Several years back, I decided to roast the pumpkin seeds that we scooped out of the pumpkins we had bought in October. I was amazed at how awesome they were. There's not much to it. All you need is the pumpkin seeds, olive oil, salt, and aluminum foil. So, I'll do this post just a little differently, and just show the photos and tell you some tips that I do in preparing mine.
Start by scooping the innards together and loosening the seeds up. Carefully separate the seeds from the pumpkin.
I do a heavy wash on my seeds. I put them in a colander and rest that on a larger bowl. Fill it up and let them rest in the water occasionally agitating the seeds. Dump the water and do it again. This will help separate the pumpkin guts that are stuck to the seeds. I usually do this at least overnight. When I'm in a hurry, I will still do this at least three times.
Layer the seeds in a shallow pan.

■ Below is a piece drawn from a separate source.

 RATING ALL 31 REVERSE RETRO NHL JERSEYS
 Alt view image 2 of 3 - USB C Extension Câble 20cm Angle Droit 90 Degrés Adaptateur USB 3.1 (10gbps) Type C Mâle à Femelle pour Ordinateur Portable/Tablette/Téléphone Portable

Normally I use a 9X13, but this year I had more seeds and ended up using and 11X17 (I think it is anyway). Just make sure you have enough side so that when you stir the seeds you're not knocking them out of the pan. Lightly drizzle them with oil and sprinkle with salt. Stir them to make sure they are all evenly coated. I bake mine at 300 degrees F, stirring every 10 minutes or so. I scrape the the edge in when stirring to make sure they cook evenly. And I taste test them for doneness. They need to have a little crack to them when tasted.
I've had a lot of compliments on these, and my daughter and I both love them. If you try them, please let me know how you like them!